今日9月22日は、1946年太平洋戦争敗戦の翌年に首相に就任、以来5回にわたって首相をつとめ、親米政策を推進して日米講和条約、日米安保条約を締結した吉田茂が、1878年に生まれた日です。

日本は、太平洋戦争に敗れた1945年をさかいに、それまでの軍国主義を捨て、民主主義国家をめざして歩みはじめました。吉田茂は、このとき、およそ8年のあいだに5度も内閣の首相をつとめ、新しい日本のスタートに力をつくした政治家です。

1878年に、高知県出身の政治家竹内綱の5男として生まれ、幼いうちに横浜の吉田家の養子となった茂は、学習院に学んで東京帝国大学へ進み、28歳で大学を卒業すると外務省へ入りました。そして、そのご約30年は、ひたすら、外交官として活躍をつづけました。

茂が50歳をすぎたころから、日本は、中国や東南アジアへの侵略を考え始めました。しかし、イタリア大使、イギリス大使などを経験して外国の事情に明るかった茂は、日本が戦争への道を進むことには反対でした。戦争が始まってからも和平をとなえ、そのため憲兵隊にとらえられたこともありました。

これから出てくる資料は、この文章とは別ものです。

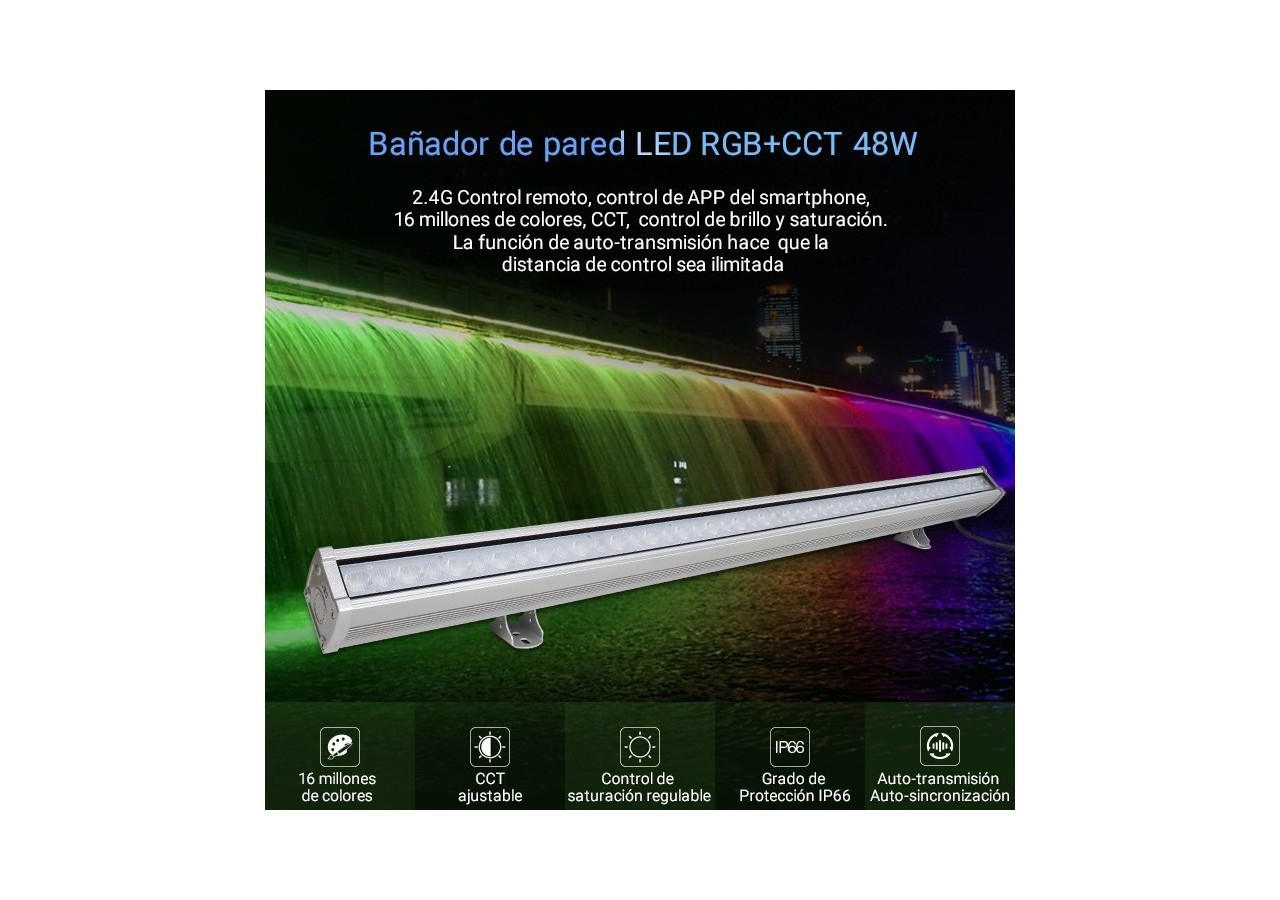 Rampe LED RGB + CCT 48W contrôle RF/WiFi | Mi Light - RL2-48 - Barcelona LED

戦争が終わったつぎの年の1946年に、吉田茂内閣が生まれました。その年の総選挙で日本自由党が政権をにぎると、それまで平和外交の信念をつらぬきとおしてきたことが、おおくの人にみとめられて、党の総裁に迎えられたのです。

終戦後の日本の政治は、アメリカなどの占領軍の考えにそって進めなければなりませんでした。戦争に負けたからです。茂は、荒れ果てた日本を見わたして、第一歩をふみだしました。

まず、第九条に「日本国民の戦争放棄」をうたいあげた、新しい日本国憲法を制定しました。また、真理と平和を愛する国民を育てるための教育基本法を定め、中学校までを義務教育にする六・三・三・四制の教育制度を発足させました。

いっぽう、それまでの地主制をあらためる農地改革法によって、貧しい農民でも土地がもてるようにしたほか、労働基準法を定めて、労働者の権利が守られるようにしました。

歴史に大きく残っているのは、サンフランシスコにおける対日講和条約の調印です。1951年9月、日本の代表として講和会議にのぞんだ茂は、アメリカをはじめ48か国と平和条約をむすび、日本を、ほんとうの独立国家として出発させました。

吉田内閣は、いちじは、労働運動や共産主義に弾圧をくわえるなど、民主主義にそむくこともおこないました。また、アメリカと安全保障条約をむすび、やがて自衛隊をつくるなど、そのごに大きな問題を残した政治も進めました。しかし、そのような政治への批判はあっても、日本を敗戦から復興へみちびいた功績によって、信念ある政治家としてたたえられています。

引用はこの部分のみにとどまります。